▼

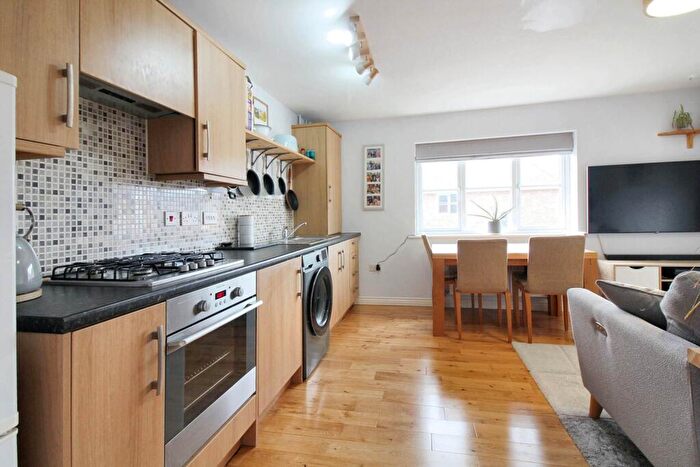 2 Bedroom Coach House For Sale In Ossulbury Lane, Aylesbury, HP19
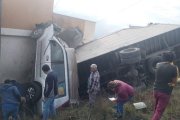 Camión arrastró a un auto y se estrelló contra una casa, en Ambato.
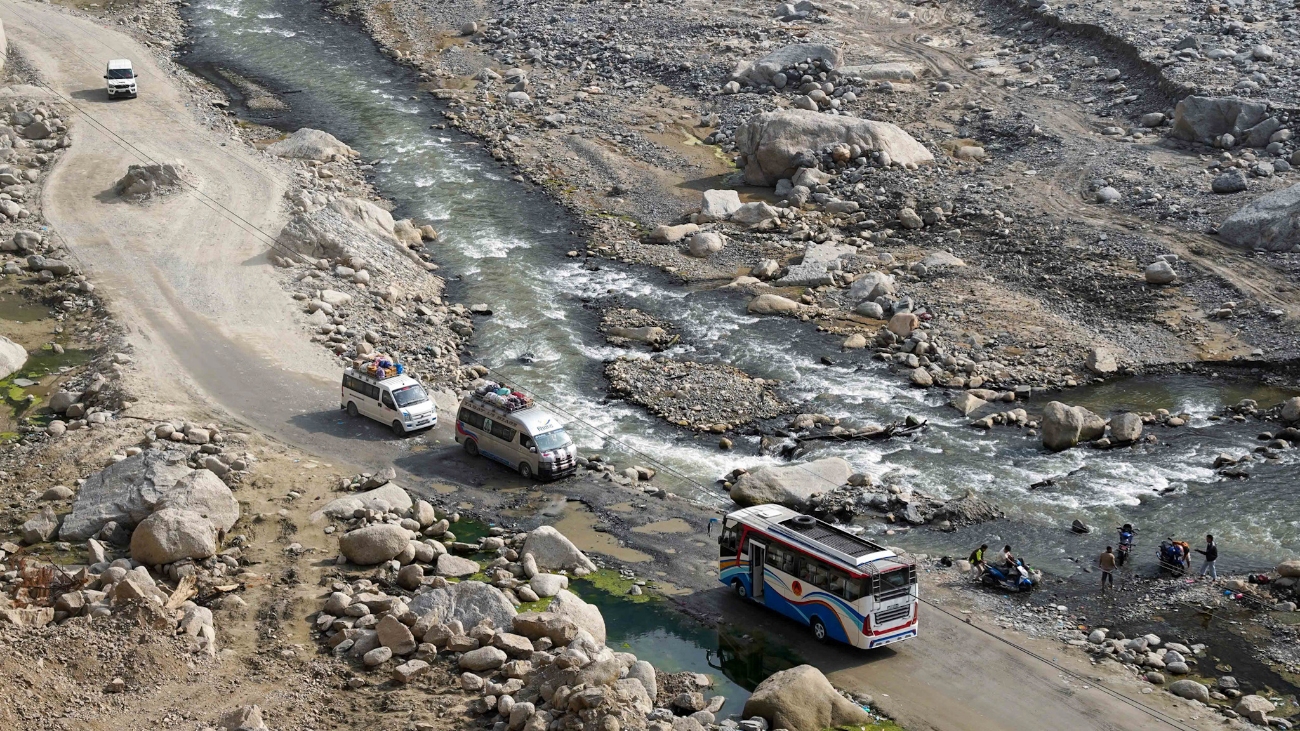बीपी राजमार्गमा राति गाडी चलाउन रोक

▲

_WORK REQUIRED_
From the first line to the last, copy the listing above exactly, dropping all images.

_RESULT OF THIS TASK_
 2 Bedroom Coach House For Sale In Ossulbury Lane, Aylesbury, HP19
 Camión arrastró a un auto y se estrelló contra una casa, en Ambato.
बीपी राजमार्गमा राति गाडी चलाउन रोक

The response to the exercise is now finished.